Showing 21-22 of 22 results
02/18/22 | Visualizing cellular and tissue ultrastructure using Ten-fold Robust Expansion Microscopy (TREx)
Hugo G.J. Damstra , Boaz Mohar , Mark Eddison , Anna Akhmanova , Lukas C. Kapitein , Paul W. Tillberg
eLife. 2022 Feb 18:. doi: https://doi.org/10.1101/2021.02.03.428837

Expansion microscopy (ExM) is a powerful technique to overcome the diffraction limit of light microscopy that can be applied in both tissues and cells. In ExM, samples are embedded in a swellable polymer gel to physically expand the sample and isotropically increase resolution in x, y and z. The maximum resolution increase is limited by the expansion factor of the polymer gel, which is four-fold for the original ExM protocol. Variations on the original ExM method have been reported that allow for greater expansion factors, for example using iterative expansion, but at the cost of ease of adoption or versatility.
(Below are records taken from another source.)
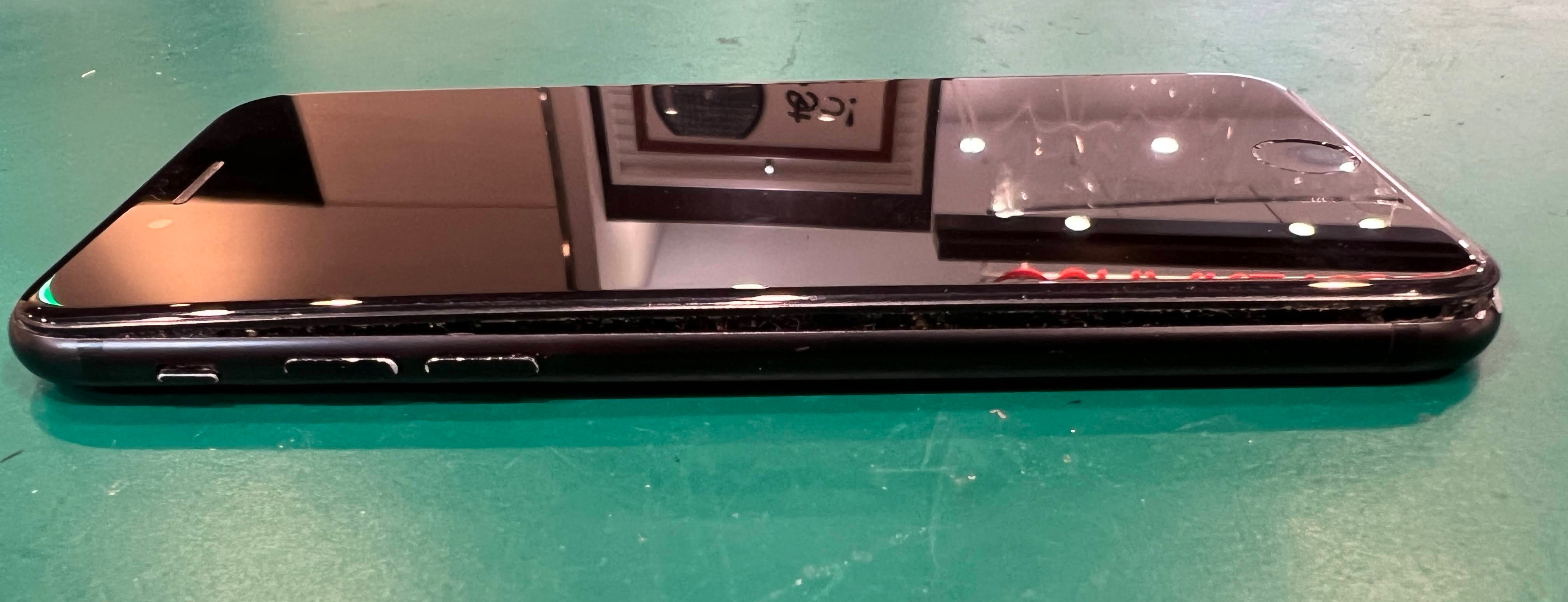 iPhone7（アイフォン）の膨張したバッテリーを交換しました！【スマホ修理工房ペリエ千葉店】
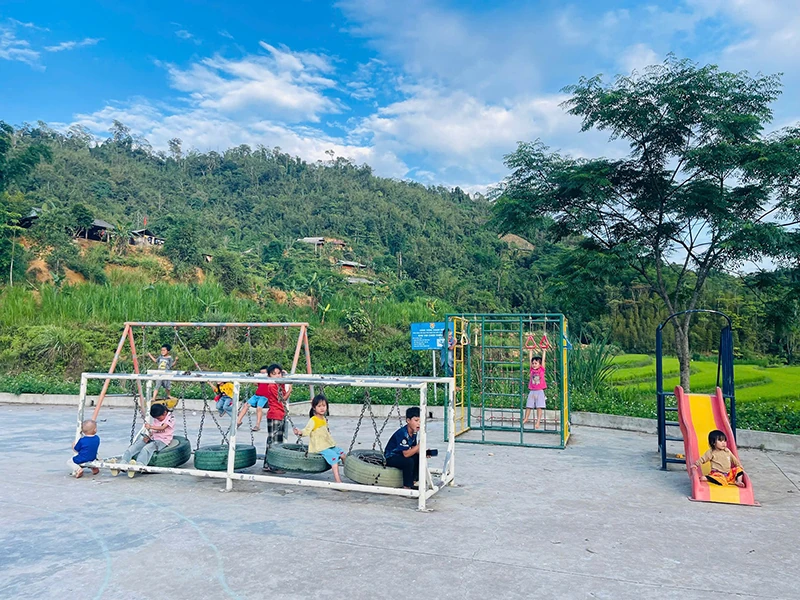 Trăn trở sân chơi cho trẻ em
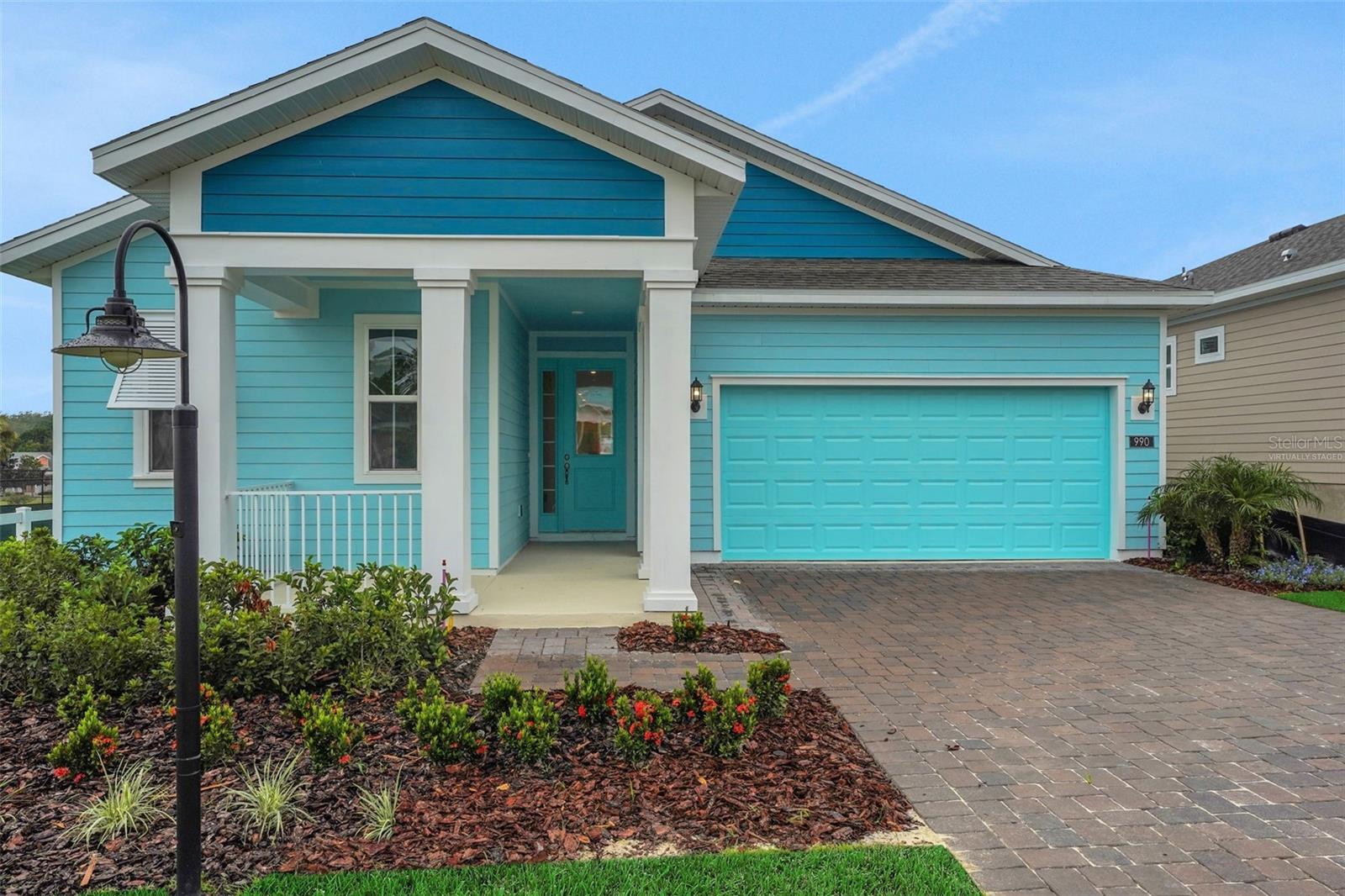 Single Family Residence in LADY LAKE, FL - Daniel Dourado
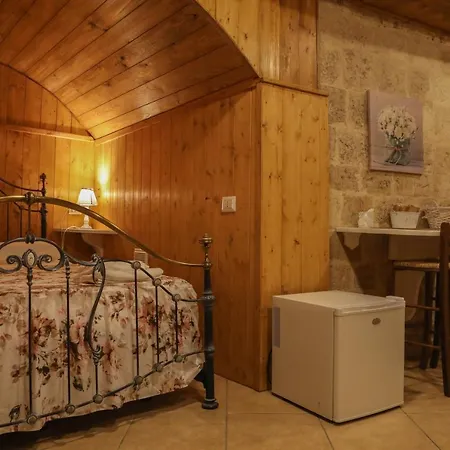 Terra E Marte Nella Roccia Semesterbostad Bari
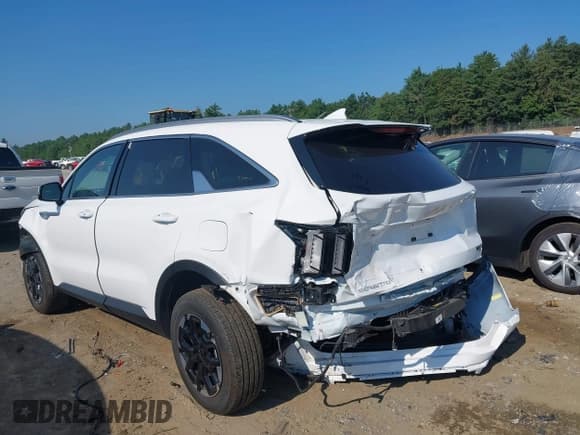 ✅ 2025 Kia Sorento S • VIN: 5XYRLDJC0SG322858 • Lot: 42852680. Wystawiony na IAAI z przebiegiem 14 380 mil. Bezpłatny archiwum sprzedaży aukcyjnych z USA i szczegółowy raport historii pojazdu na DreamBid. Zdjęcie 3.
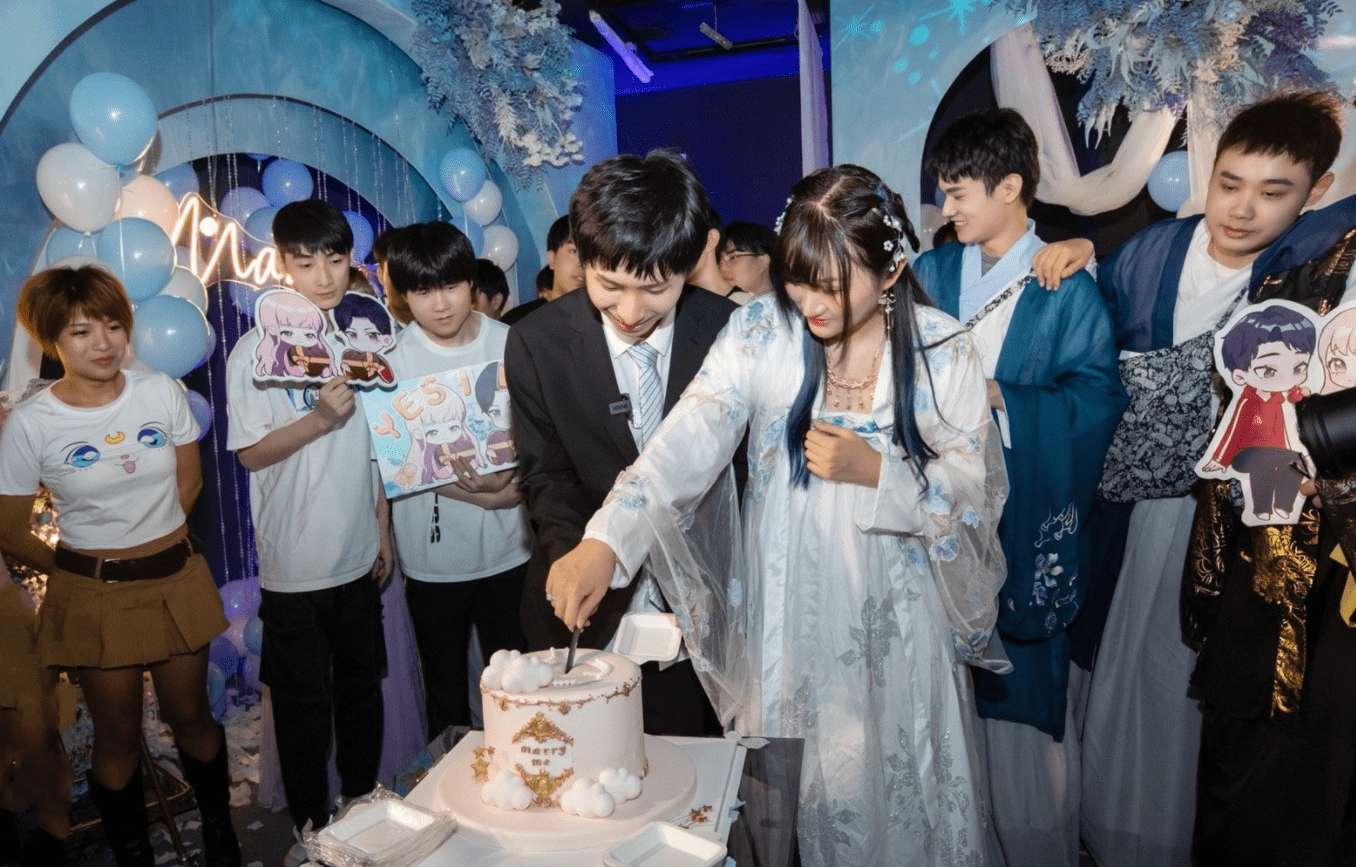 梦泪求婚现场,ag全员当花童,大半个kpl送祝福,兮兮哭成泪人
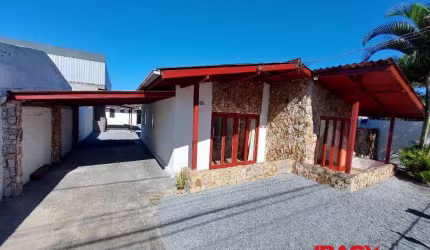 Casa com 3 quartos para alugar na Rua Dezesseis de Julho, 106, Caminho Novo, Palhoça, 110 m2 por R$ 2.800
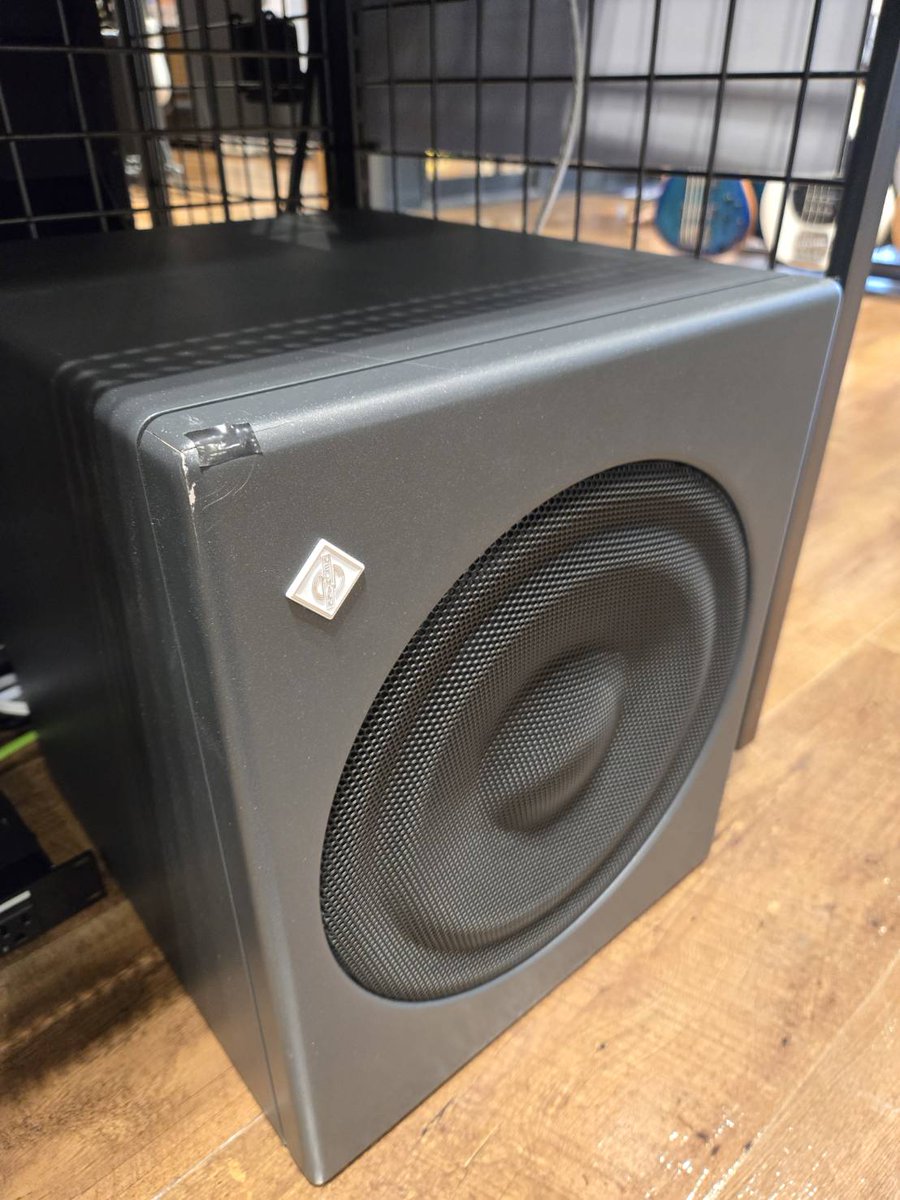 Neumann KH 80 DSPとKH 750が期間限定で店頭展示しております‼
是非、店頭にてご視聴くださいませ😎
また、Neumann KH 80 DSP ステレオセット + MA 1 バンドルキャンペーン（MA 1が今だけ半額）も在庫ございます😆
#Neumann #MT48 #ノイマン
<a href="/Neumann_Japan/">Neumann ノイマン</a>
Here, we systematically explore the ExM recipe space and present a novel method termed Ten-fold Robust Expansion Microscopy (TREx) that, like the original ExM method, requires no specialized equipment or procedures to carry out. We demonstrate that TREx gels expand ten-fold, can be handled easily, and can be applied to both thick tissue sections and cells enabling high-resolution subcellular imaging in a single expansion step. We show that applying TREx on antibody-stained samples can be combined with off-the-shelf small molecule stains for both total protein and membranes to provide ultrastructural context to subcellular protein localization.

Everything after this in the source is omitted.